The characters she encounters in her dealings with institutions small and large are themselves double presences, displaying personal authority while also equally representing and conveying the power of the institutions within which they work. Though they’re plausible characters in realistic situations, they’re above all emblematic—reflections of Chantel’s inner life, amplifications and ramifications of her conflicts and confusions. Chantel’s knowledge is inseparable from power, as seen in school scenes or another sequence, both comedic and painful, in which she and two female friends discuss sexual matters with a misguided, or, rather, unguided confidence that reflects hearsay rather than education; it reflects all that they aren’t being told by parents or teachers or the media.

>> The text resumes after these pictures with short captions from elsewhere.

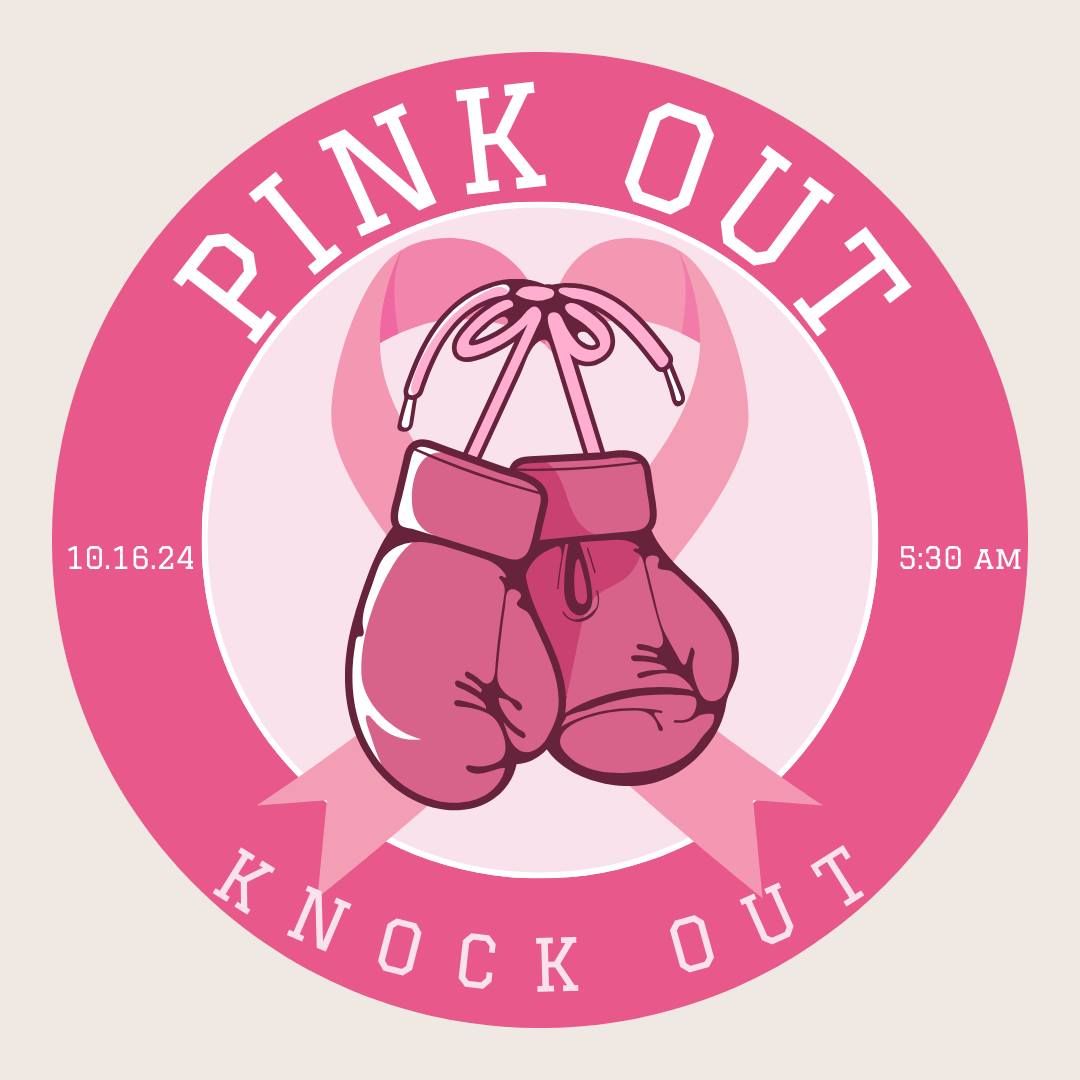 PINK OUT KNOCK OUT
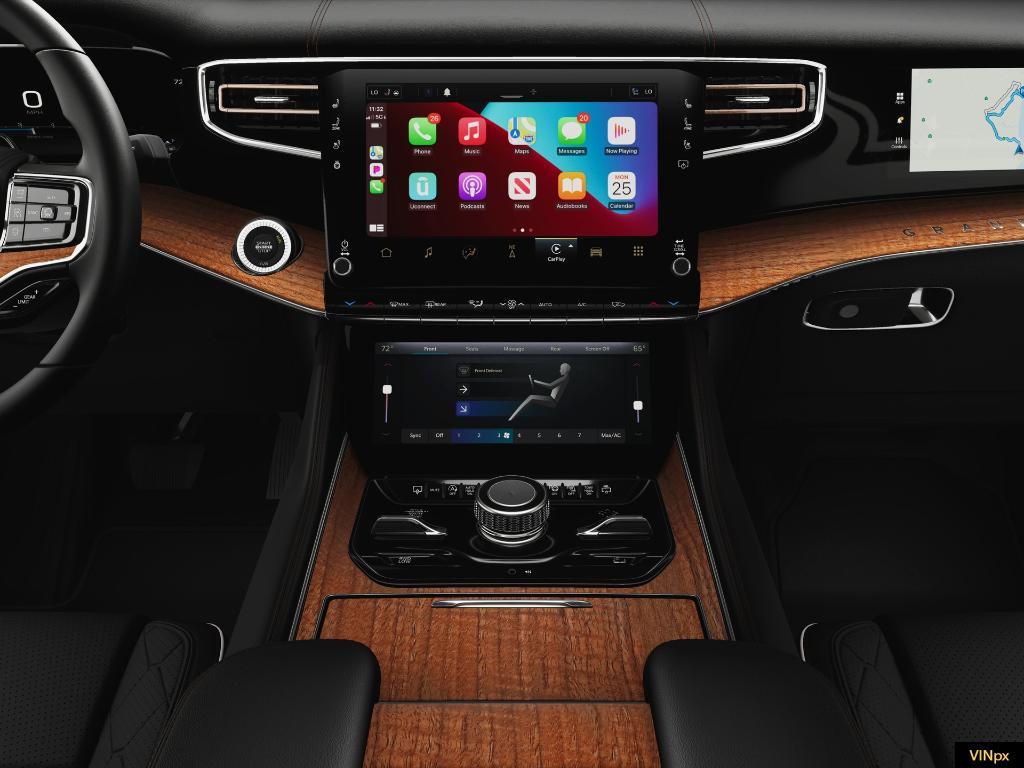 new 2023 Jeep Grand Wagoneer L car, priced at $82,300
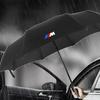 Зонт с логотипом автомобиля Автоматически складывающийся Зонт-тент на лобовое стекло Для BMW M Performance Серии 1 3 5 7 M3 M4 M5 M6 X1 X3 X5 X6 X7 E30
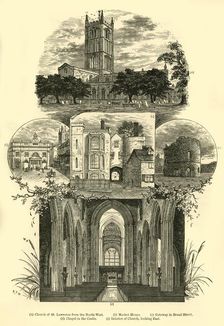 Views in Ludlow 1898. Creator: Unknown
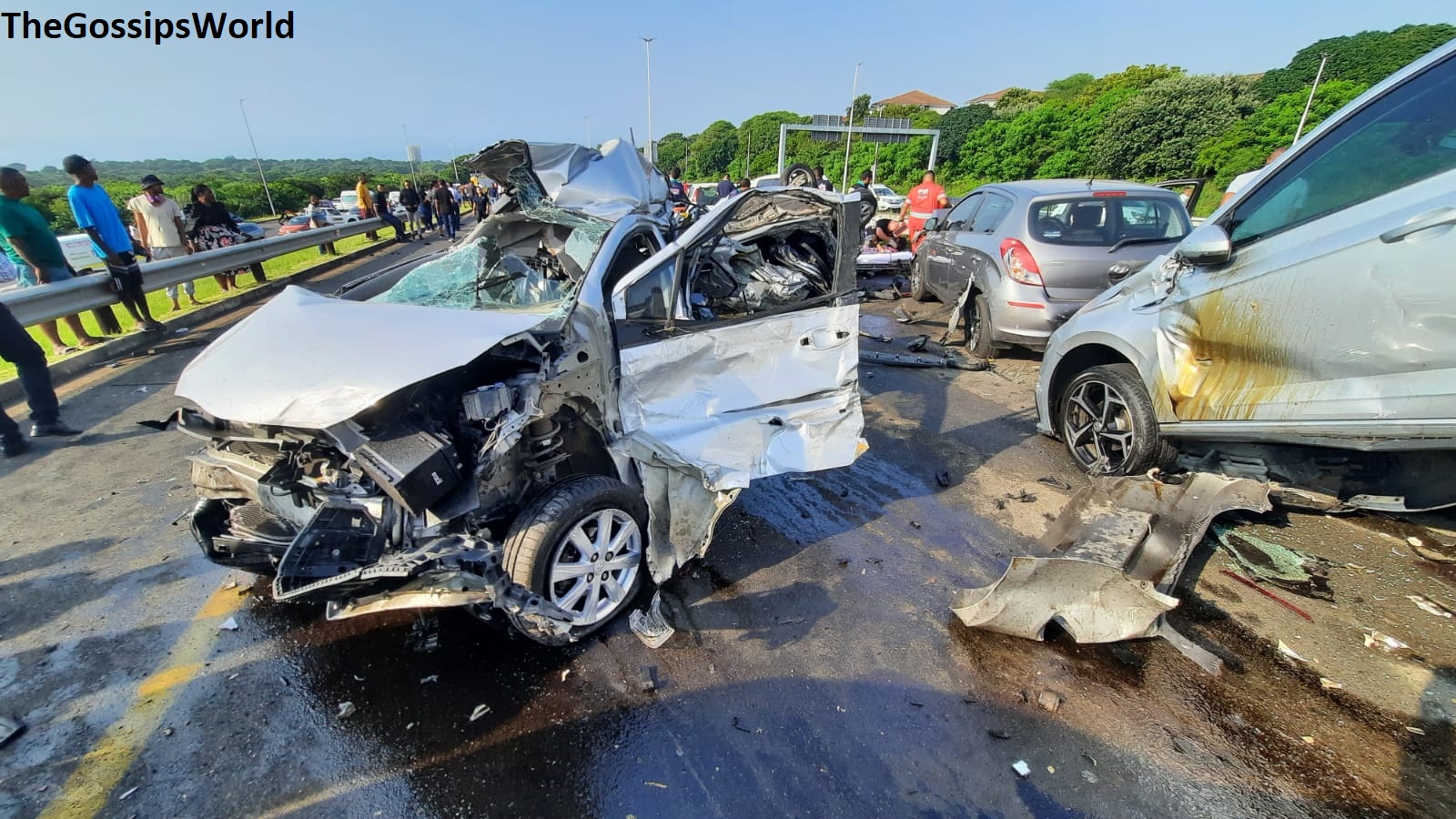 Multiple Vehicle Crash On Durban’s M41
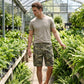 Men's Casual Relaxed Fit Cargo Shorts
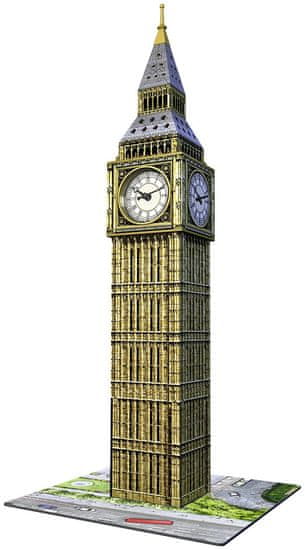 Ravensburger Big Ben sestavljanka z uro, 216 delna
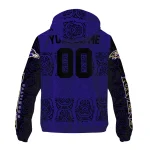 customized baltimore ravens cat eyes purple windbreaker jacket best selling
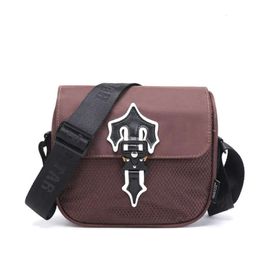 Mens fashion Trapstars Oxford Shoulder sling Bags womens Designer Trapstar IRONGATE COBRA handbag crossbody bag Rapper tote hobo travel clutch satchel Bag YS6623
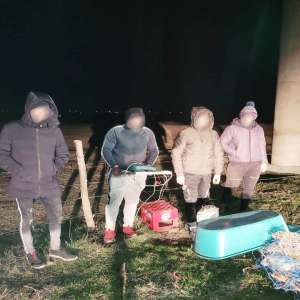 Hoţi deferiţi justiţiei de către poliţiştii de frontieră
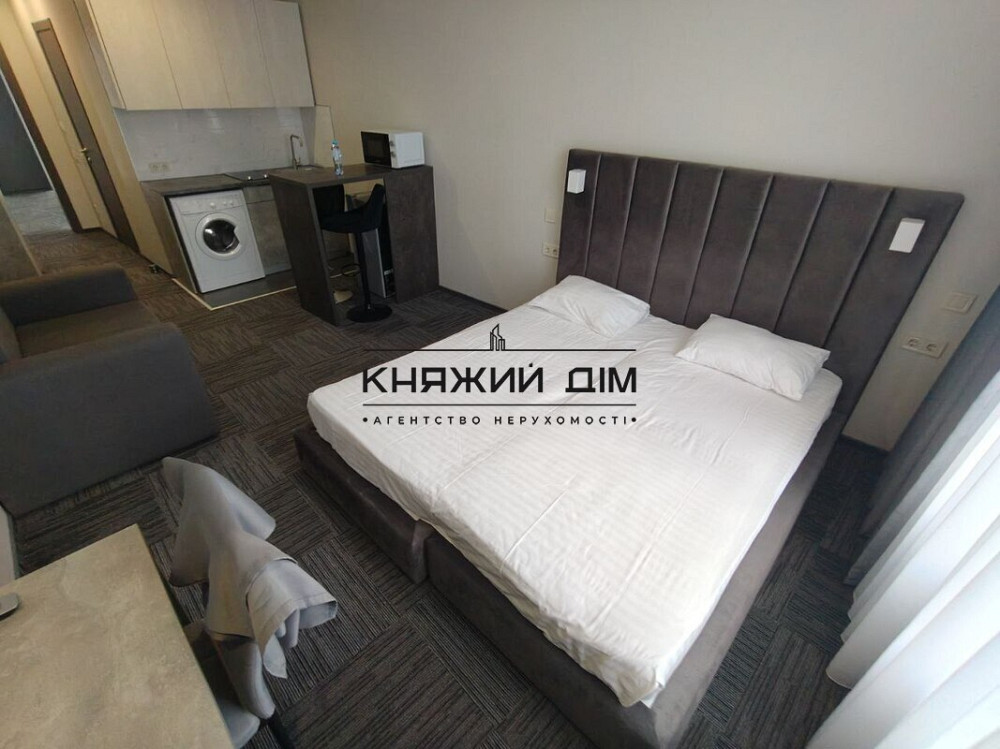 Оренда квартира-студіо в ЖК Кардинал. м. Палац Україна Код: 11204332 Киев - изображение 10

In effect, “Just Another Girl on the I.R.T.” is a documentary of subjectivity, an outward view of the inner life of a young black woman—of a person who, by the sheer fact of those three descriptors, is subjected to relations of power and of control, and faces conflicts of a political nature in the course of her daily life. Harris brings to the fore a character who’s no abstraction but has abstraction forced upon her, who, with her very identity (rather, identities), is born into conflict, is thrust into a public life and a symbolic role that reflects back into her sense of self and plays an integral part in the formation of her character. In spotlighting a protagonist who’s a young black woman, Harris is also spotlighting a society in which young black women aren’t considered, or allowed to be, the protagonists in their own stories. In lieu of a title card saying “The End,” Harris places one with the title of the film and an epigram that she signs in her own name: “A Film Hollywood Dared Not Do.” It turns out that even the independent-film community dared not do another film like it.